Massimo Ferrin (born December 6, 1998) is a Canadian professional soccer player who currently plays as a forward for the HFX Wanderers of the Canadian Premier League.

Early life
Ferrin began playing youth soccer at age five with Mississauga SC. Afterwards, he played youth soccer with Vaughan Azzurri.

College career
In 2016, Ferrin began attending the University of Alabama at Birmingham, where he played for the men's soccer team. He scored his first collegiate goals on September 3, 2016, scoring twice in a 2-2 draw against the UNC Greensboro Spartans. After his freshman season, he was named to the Conference USA All-Freshman Team. After his sophomore season, he was named the team's Most Valuable Player and was named a Conference USA Second-Team All-Star. During his time at UAB, he scored eight goals in two seasons.

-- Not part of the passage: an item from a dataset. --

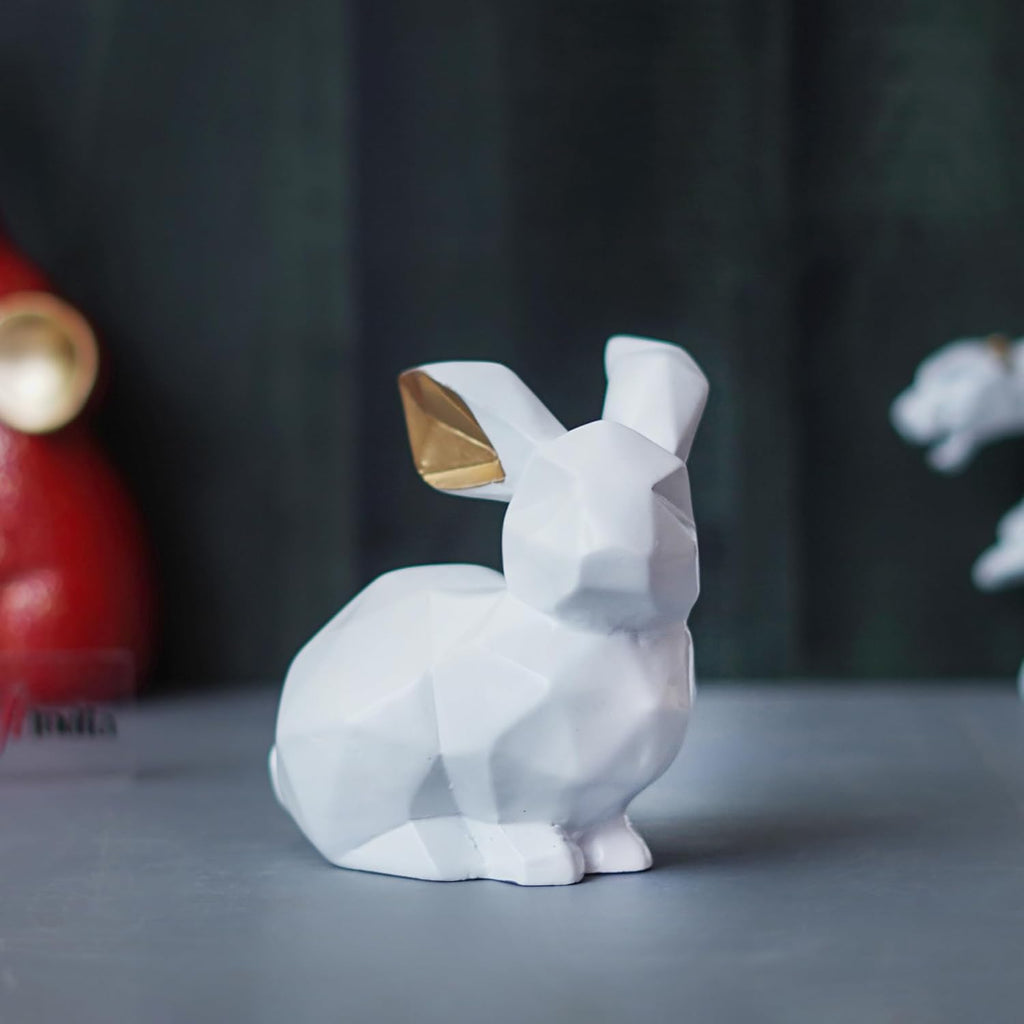 Ecraftindia Geometric Polyresin White Rabbit Statue Animal Figurine Decorative Showpiece for Home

In 2018, he transferred to Syracuse University to play for the men's soccer team. He made his debut on August 24, 2018 against the Oregon State Beavers. He scored his first goal for Syracuse on September 7, converting a penalty kick against the Notre Dame Fighting Irish. On September 24, 2019, he scored the game-winning goal in a 1-0 victory over the Colgate Raiders. In his senior season, he was named to the All-ACC Men's Soccer Academic Team.

Club career
In 2015 and 2016, Ferrin played with League 1 Ontario side Vaughan Azzurri. He also played with the side in 2018 and 2019.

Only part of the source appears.